Es un juego alocado, extenuante.
Piet Mondrian: Broadway Boogie Woogie (1942-43).
He notado como caía a la velocidad del sueño. Lenta e imparablemente iba descendiendo hacia un suelo de bandas y casillas. Un mosaico, parecía mientras me acercaba. O, más bien, un tablero de colores primarios y agujeros blancos para posarme.
Creo que lancé un grito cuando la gravedad hizo de las suyas. Pero el impacto fue suave, de pluma sobre grumos de algodón, y acabo enderezada pisando dos colores iguales.

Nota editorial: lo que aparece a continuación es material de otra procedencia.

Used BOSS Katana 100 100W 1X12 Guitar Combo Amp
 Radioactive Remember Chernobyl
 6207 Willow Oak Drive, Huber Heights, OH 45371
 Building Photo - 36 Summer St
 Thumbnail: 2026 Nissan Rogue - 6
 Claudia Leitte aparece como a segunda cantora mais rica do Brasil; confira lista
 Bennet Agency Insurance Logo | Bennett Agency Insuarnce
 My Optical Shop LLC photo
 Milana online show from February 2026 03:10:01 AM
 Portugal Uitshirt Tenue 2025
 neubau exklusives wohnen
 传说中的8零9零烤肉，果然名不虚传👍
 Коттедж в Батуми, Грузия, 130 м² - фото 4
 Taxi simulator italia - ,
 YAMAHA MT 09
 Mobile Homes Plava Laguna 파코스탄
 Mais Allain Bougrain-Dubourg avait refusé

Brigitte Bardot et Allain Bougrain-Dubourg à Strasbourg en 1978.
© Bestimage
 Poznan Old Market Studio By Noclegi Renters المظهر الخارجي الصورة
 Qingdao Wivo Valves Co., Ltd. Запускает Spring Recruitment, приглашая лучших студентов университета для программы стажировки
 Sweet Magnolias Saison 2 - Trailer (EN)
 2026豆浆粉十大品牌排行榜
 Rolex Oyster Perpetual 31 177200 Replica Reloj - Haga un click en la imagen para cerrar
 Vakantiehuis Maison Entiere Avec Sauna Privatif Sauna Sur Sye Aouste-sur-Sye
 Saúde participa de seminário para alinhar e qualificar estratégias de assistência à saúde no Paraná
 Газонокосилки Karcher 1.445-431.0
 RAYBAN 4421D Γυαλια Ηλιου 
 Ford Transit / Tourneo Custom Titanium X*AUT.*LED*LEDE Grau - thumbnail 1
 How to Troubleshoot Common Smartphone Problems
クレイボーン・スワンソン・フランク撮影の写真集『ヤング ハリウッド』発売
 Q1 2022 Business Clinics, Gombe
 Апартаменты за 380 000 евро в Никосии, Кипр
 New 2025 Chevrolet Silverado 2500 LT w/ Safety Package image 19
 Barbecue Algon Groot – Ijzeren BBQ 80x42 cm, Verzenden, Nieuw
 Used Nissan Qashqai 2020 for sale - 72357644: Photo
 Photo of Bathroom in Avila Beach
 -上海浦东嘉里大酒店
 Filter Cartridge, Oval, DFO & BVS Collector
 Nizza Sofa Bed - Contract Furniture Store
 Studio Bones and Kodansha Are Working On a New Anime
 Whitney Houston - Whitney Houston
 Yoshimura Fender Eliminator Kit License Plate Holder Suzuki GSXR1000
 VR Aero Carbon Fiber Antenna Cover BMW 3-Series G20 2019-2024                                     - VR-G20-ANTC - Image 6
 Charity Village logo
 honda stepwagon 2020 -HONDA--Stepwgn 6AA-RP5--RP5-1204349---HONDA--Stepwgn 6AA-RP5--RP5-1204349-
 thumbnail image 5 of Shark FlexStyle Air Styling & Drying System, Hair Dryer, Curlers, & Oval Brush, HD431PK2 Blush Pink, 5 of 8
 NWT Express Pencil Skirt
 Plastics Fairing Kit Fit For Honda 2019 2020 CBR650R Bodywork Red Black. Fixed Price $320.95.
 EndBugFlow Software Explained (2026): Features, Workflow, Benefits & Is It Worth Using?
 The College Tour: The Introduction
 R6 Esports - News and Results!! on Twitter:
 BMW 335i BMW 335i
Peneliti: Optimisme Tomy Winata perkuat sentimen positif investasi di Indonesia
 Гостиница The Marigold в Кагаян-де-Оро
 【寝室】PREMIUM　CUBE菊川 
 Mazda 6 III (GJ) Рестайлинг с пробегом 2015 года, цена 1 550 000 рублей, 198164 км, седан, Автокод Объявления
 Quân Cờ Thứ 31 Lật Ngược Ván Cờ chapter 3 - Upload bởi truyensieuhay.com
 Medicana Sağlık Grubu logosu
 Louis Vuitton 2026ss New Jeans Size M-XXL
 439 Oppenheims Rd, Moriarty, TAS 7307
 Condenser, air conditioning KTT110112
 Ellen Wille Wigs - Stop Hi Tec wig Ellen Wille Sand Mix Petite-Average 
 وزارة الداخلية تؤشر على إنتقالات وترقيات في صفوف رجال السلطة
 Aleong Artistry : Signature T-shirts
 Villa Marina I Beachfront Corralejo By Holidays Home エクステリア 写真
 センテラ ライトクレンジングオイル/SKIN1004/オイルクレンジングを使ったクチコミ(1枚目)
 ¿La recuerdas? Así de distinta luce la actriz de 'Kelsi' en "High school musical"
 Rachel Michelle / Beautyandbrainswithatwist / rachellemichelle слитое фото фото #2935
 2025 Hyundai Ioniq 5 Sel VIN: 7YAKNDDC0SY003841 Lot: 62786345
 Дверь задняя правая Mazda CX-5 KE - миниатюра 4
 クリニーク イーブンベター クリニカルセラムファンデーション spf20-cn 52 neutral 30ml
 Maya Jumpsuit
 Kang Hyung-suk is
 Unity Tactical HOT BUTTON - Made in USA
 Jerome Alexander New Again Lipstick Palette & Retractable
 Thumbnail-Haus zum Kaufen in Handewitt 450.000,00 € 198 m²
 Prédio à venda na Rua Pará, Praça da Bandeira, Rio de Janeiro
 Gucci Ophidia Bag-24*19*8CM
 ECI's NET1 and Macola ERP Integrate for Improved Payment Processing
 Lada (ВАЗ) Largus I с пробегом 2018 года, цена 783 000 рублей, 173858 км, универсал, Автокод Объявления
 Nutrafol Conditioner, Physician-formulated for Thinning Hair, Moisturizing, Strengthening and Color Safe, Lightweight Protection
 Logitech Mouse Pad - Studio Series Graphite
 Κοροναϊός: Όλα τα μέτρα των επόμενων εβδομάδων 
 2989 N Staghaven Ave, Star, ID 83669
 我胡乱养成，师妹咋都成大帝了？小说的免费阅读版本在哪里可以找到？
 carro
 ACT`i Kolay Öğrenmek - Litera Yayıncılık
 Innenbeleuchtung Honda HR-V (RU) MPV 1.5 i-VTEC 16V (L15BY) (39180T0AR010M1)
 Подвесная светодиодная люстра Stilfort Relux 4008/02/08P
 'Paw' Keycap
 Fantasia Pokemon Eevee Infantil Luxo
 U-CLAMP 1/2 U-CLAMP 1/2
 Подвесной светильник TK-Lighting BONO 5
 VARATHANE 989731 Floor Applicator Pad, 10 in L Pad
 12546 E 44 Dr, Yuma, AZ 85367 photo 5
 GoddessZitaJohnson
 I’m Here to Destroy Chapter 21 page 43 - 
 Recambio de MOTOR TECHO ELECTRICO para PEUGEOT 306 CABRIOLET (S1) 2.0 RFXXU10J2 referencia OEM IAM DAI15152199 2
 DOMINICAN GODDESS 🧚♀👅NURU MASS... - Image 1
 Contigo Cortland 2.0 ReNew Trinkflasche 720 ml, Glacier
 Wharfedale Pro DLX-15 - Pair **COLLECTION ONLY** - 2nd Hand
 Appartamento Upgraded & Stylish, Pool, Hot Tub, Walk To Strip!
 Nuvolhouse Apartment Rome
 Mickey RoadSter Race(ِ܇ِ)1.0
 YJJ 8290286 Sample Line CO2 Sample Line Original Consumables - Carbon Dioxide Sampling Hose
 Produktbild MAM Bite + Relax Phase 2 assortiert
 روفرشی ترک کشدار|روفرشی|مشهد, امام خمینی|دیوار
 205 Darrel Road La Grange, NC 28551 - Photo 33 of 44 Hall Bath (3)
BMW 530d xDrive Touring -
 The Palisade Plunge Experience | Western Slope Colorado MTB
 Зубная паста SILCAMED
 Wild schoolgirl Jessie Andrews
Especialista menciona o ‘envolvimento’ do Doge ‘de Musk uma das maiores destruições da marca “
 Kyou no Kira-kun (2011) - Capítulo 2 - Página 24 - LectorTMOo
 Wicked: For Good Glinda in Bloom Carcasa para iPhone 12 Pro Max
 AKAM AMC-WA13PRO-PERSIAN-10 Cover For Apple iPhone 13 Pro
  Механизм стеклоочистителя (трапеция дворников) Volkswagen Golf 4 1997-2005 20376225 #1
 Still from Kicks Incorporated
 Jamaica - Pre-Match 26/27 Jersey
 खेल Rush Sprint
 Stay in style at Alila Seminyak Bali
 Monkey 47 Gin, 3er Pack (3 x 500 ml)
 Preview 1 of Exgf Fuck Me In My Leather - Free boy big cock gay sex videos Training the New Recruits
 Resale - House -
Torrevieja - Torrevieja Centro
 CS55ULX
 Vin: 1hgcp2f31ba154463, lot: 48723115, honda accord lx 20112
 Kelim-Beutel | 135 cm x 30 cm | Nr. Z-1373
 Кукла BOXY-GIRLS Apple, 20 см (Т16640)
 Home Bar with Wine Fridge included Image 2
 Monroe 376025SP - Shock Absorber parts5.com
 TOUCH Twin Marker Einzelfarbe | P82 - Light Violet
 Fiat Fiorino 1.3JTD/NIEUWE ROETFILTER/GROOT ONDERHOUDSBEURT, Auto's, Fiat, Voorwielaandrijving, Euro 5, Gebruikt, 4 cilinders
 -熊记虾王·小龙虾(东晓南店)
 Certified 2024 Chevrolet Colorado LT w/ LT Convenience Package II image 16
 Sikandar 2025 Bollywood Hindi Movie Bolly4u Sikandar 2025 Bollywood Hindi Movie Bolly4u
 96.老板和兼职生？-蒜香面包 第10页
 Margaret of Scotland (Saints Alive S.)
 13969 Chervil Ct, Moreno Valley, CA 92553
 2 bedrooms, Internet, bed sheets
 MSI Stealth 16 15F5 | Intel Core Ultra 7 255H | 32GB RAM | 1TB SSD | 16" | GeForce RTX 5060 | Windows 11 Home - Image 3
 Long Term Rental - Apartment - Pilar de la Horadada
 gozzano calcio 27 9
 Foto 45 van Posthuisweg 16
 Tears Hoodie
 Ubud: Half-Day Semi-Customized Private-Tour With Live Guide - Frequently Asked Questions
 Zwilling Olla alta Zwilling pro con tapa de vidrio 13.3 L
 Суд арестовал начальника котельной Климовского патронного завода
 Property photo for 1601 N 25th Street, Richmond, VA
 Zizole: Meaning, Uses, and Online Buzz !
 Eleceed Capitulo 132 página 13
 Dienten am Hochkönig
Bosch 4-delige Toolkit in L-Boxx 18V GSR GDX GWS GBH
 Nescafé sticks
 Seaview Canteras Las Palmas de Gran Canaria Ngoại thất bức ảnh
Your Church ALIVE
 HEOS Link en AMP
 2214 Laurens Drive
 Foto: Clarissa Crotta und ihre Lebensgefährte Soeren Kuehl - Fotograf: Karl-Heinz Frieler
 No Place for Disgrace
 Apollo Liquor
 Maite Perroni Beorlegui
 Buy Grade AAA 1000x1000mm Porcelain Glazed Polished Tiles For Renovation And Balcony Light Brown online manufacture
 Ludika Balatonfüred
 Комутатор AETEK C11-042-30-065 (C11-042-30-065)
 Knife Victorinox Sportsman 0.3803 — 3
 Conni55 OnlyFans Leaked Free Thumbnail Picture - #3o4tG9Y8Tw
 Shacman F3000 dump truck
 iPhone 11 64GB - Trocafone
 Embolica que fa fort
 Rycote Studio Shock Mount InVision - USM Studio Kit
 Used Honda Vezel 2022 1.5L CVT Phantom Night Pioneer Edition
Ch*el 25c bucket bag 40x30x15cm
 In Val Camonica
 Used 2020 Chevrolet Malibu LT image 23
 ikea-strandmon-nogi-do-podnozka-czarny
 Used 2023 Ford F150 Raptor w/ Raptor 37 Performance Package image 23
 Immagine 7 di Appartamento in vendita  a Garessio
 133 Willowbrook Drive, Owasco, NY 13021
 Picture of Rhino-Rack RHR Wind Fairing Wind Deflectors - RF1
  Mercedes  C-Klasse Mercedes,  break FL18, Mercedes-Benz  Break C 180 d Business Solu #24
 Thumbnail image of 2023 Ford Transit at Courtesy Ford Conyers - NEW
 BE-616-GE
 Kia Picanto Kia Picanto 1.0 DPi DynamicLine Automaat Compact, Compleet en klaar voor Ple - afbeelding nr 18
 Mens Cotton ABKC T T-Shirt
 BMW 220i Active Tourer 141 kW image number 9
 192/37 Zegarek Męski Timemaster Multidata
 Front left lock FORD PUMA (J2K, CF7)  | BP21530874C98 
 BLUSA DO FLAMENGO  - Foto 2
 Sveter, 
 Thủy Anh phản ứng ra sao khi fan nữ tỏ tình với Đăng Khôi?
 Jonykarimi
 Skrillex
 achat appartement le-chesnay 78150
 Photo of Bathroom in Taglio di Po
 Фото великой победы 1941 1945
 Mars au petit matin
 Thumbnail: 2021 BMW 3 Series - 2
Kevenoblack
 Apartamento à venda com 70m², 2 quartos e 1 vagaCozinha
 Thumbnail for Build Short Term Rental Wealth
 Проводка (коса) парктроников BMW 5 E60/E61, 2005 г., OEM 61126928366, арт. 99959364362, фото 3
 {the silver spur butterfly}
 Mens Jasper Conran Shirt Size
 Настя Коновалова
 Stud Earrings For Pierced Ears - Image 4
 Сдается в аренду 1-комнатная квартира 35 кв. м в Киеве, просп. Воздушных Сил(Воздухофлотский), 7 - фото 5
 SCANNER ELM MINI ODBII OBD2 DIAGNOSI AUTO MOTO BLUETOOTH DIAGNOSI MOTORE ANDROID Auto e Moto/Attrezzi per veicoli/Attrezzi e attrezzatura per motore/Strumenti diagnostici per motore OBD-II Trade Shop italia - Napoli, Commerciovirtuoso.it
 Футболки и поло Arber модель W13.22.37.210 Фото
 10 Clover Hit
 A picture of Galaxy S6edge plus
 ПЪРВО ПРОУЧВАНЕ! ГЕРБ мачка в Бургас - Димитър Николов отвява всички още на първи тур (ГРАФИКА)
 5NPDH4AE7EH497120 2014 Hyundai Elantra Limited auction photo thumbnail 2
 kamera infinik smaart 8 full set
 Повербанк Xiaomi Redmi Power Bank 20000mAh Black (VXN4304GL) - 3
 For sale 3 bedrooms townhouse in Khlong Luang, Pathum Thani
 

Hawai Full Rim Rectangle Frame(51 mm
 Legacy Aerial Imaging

“Ahora le toca a la reciente”, escucho y me doy prisa en ocupar la siguiente casilla del mismo color. A saltos y carreras recorro la línea de color hasta que el abismo blanco me engulle.
Me hundo en la Vía Láctea. ¿Qué cosas digo? Buceo más diestramente que cuando lo intento en el mar, echando ojeadas a los huecos por encima.
Lo encuentro. Asomo la cabeza, sacudo el cuerpo como un cuadrúpedo peludo y cedo el turno. Tengo que respirar.
“Su turno, nuevamente.”
Estoy sola. Me muevo por inercia, corro y salto. Cedo el turno, es mi turno. Sigue el juego.
Tarde o temprano ascenderé por el tiro de la chimenea.
¡Sorpresa! —gritaré sin resuello a mi público—. He vuelto porque he perdido.